DU 28 SEPTEMBRE 2022

N° RG 20/01103

N° Portalis DBV3-V-B7E-T4B7

AFFAIRE :

[X] [B] [U]

C/

SASU BLIZZARD ENTERTAINMENT

Décision déférée à la cour : Jugement rendu le 4 mars 2020 par le Conseil de Prud'hommes Formation paritaire de VERSAILLES

Section : E

N° RG : F17/00759

Copies exécutoires et certifiées conformes délivrées à :

Me Anne-Sophie CARLUS

Me Sébastien DUCAMP

le :

RÉPUBLIQUE FRANÇAISE

AU NOM DU PEUPLE FRANÇAIS

LE VINGT HUIT SEPTEMBRE DEUX MILLE VINGT DEUX,

La cour d'appel de Versailles a rendu l'arrêt suivant dans l'affaire entre :

Madame [X] [B] [U]

née le 19 janvier 1975 à LAS PALMAS DE GRAN CANARIA

de nationalité espagnole

[Adresse 3]

[Adresse 2]

Représentant : Me Anne-Sophie CARLUS de la SCP JDS AVOCATS, Plaidant/ Constitué, avocat au barreau de PARIS, vestiaire : P0028

APPELANTE

****************

SASU BLIZZARD ENTERTAINMENT

N° SIRET : 489 952 457

[Adresse 1]

[Localité 4]

Représentant : Me Sébastien DUCAMP de la SELEURL Sébastien DUCAMP AVOCAT, Plaidant/ Constitué , avocat au barreau de PARIS, vestiaire : R052

INTIMÉE

****************

Composition de la cour :

En application des dispositions de l'article 805 du code de procédure civile, l'affaire a été débattue à l'audience publique du 30 juin 2022 les avocats des parties ne s'y étant pas opposés, devant Madame Clotilde MAUGENDRE, Présidente chargée du rapport.

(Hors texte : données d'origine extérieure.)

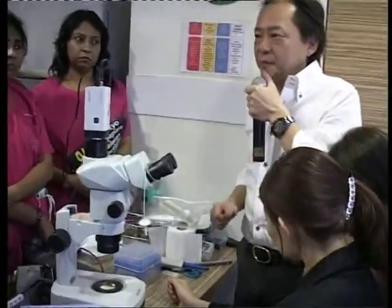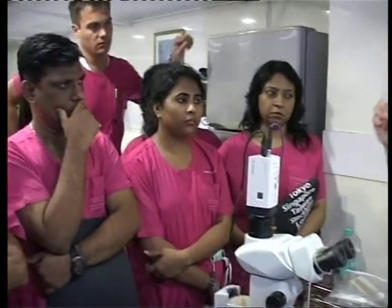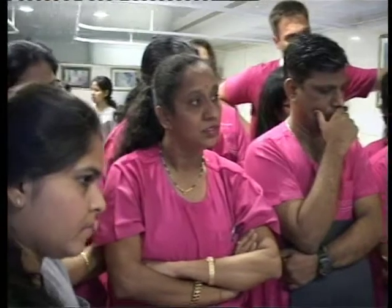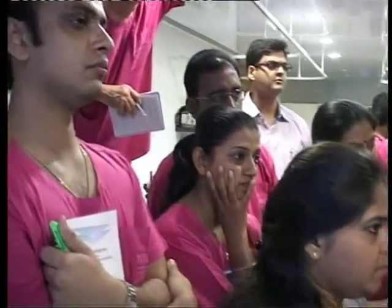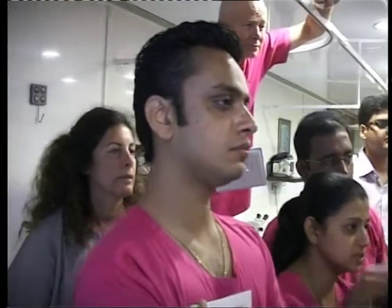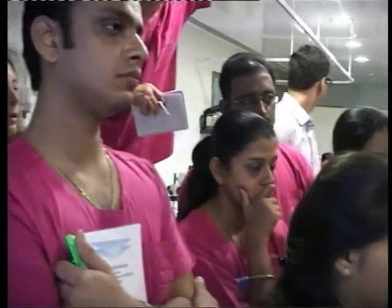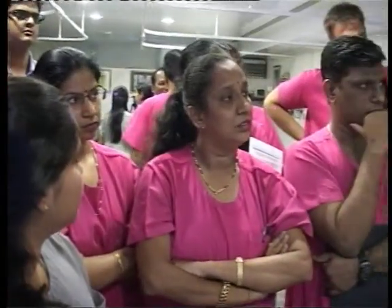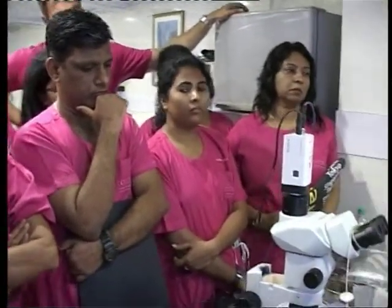Yes. If you want to vitrify nine oocytes, you put nine oocytes in the equilibration solution. Then you wait. If you find three recovered, you take three and move to vitrification. Then when you find another three recovered, you go to vitrification with the same solution. You can repeat three times with the same solution.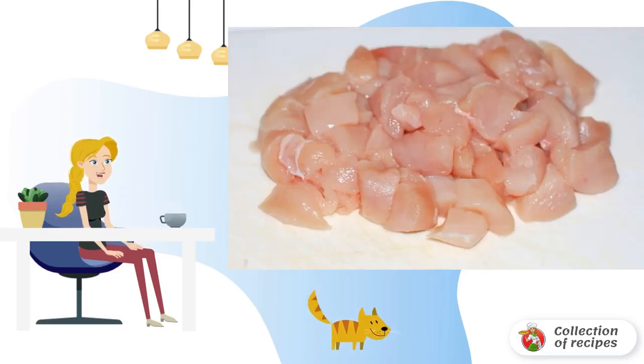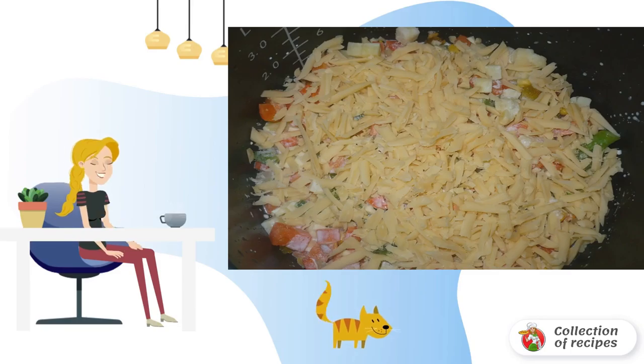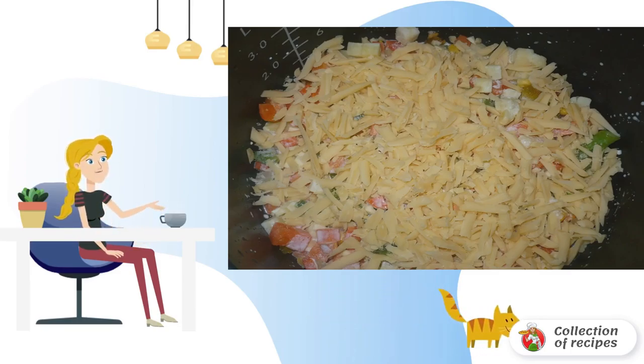Cut the chicken fillet into cubes and put it in a bowl of a slow cooker greased with oil. Place frozen vegetables and chopped garlic on the chicken, then sprinkle grated cheese on top.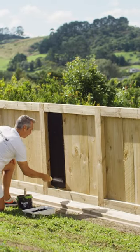Hi, I'm Jonny from Profile Painters, and this is Paint Like a Pro. Today, I'm going to show you how to paint or stain a fence.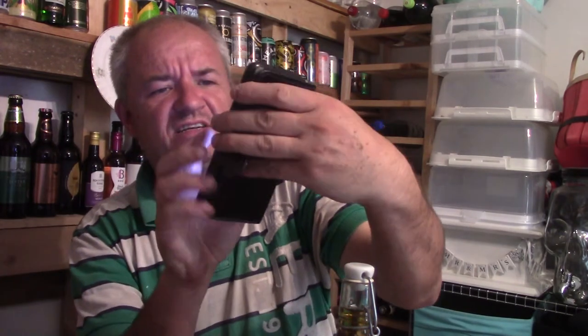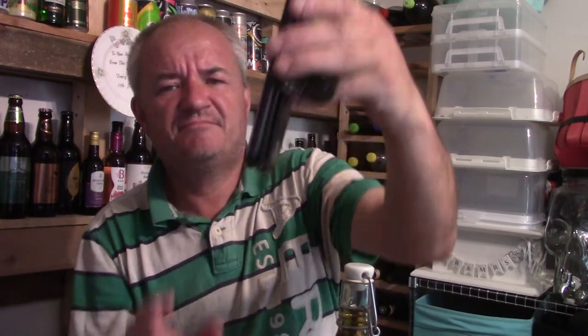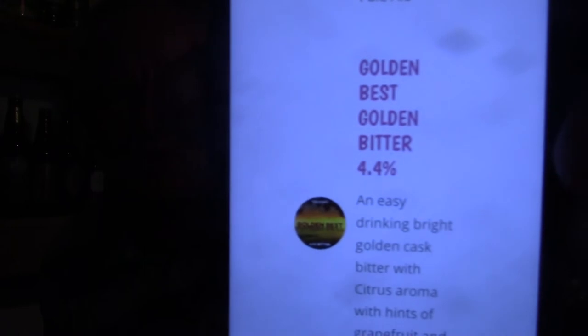Hello and welcome to another Raggy's Beers, Wines and Spirits Review. Today we're going to be reviewing - there it is - Shiny Brewing's Golden Best, Golden Bitter. 4.4%, easy drinking, bright golden cask bitter, with citrus aroma, hints of grapefruit and pine.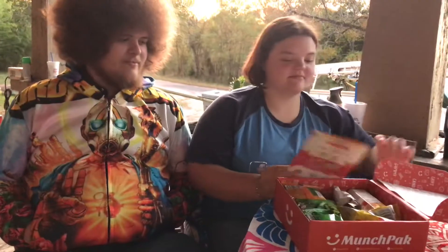Hello YouTube, we're back again. We're about ready for us to taste the snacks and try them from the Munch Pack that we had in our earlier video. So let's see how they are.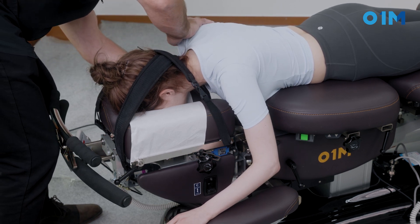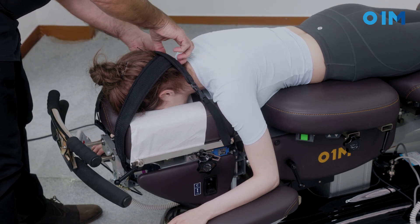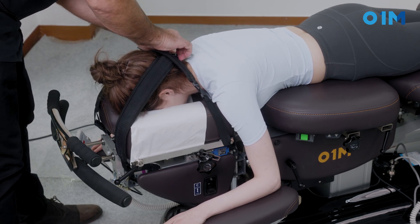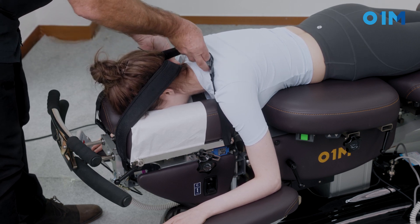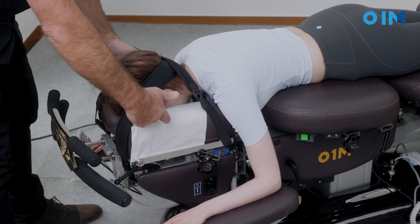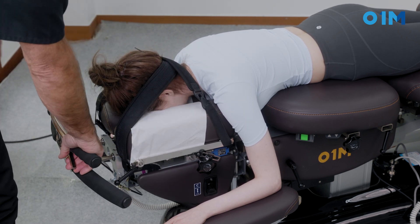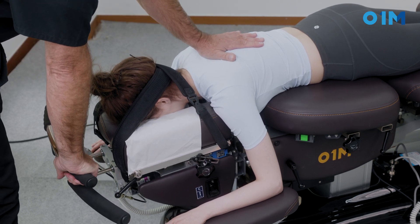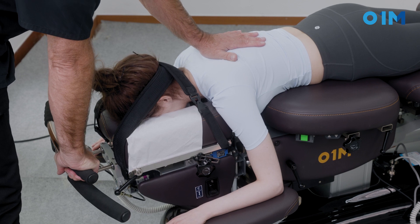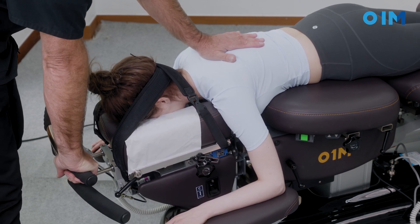Excuse me — can you raise your shoulder? I locked it up and now we're nice and tight. This should be tight on the cephalad portion. Now I'm ready to go, and I'm going to gently bend that. You can see how it tightens up nicely the upper cervical part.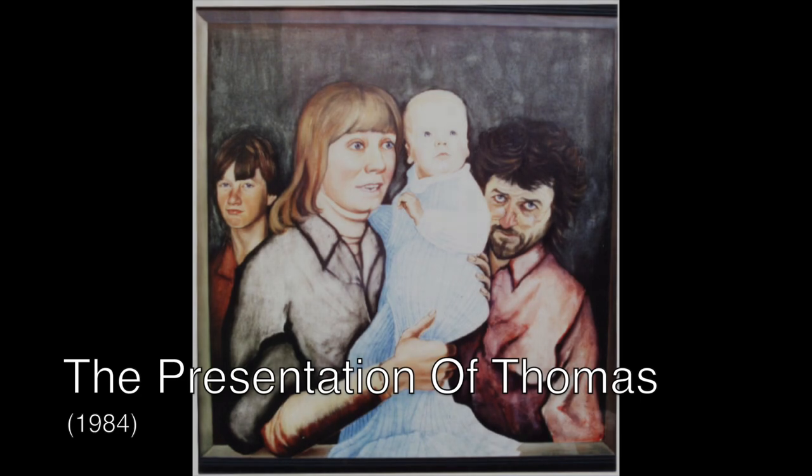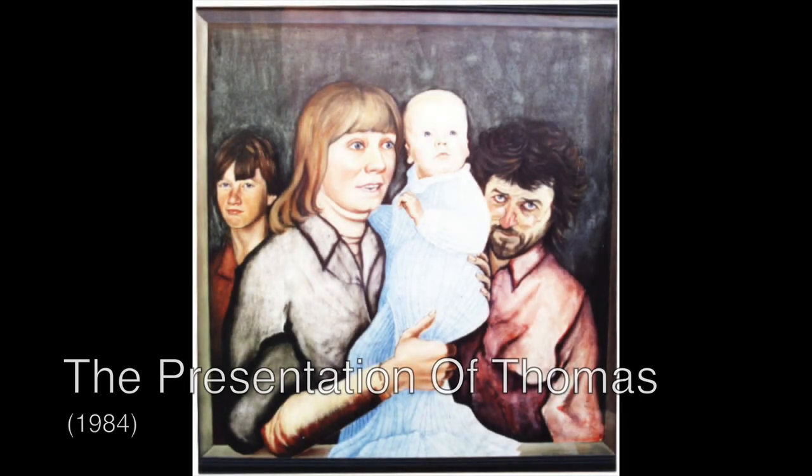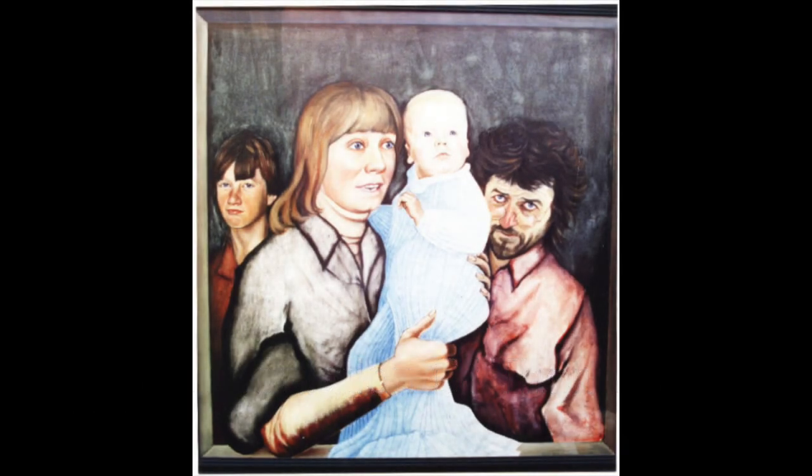It's called The Adoration — the Presentation of Christ. The swaddling clothes on the baby is a collage of paper.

Ce magistrat a rendu compte des plaidoiries dans le délibéré de la cour, composée de :

Madame Clotilde MAUGENDRE, Présidente,

Monsieur Laurent BABY, Conseiller,

Madame Nathalie GAUTIER, Conseiller,

Greffier lors des débats : Madame Dorothée MARCINEK

Par jugement du 4 mars 2020, le conseil de prud'hommes de Versailles (section encadrement) a:

- dit que le licenciement de Mme [X] [B] [U] est bien fondé sur une faute grave,

- débouté Mme [U] de l'ensemble de ses demandes,

- débouté la société Blizzard Entertainment de sa demande reconventionnelle au titre de l'article 700 du code de procédure civile,

- rejeté les demandes plus amples ou contraires des parties,

- laissé les dépens à la charge respective des parties.

Par déclaration adressée au greffe le 11 juin 2020, Mme [U] a interjeté appel de ce jugement.

Une ordonnance de clôture a été prononcée le 19 avril 2022.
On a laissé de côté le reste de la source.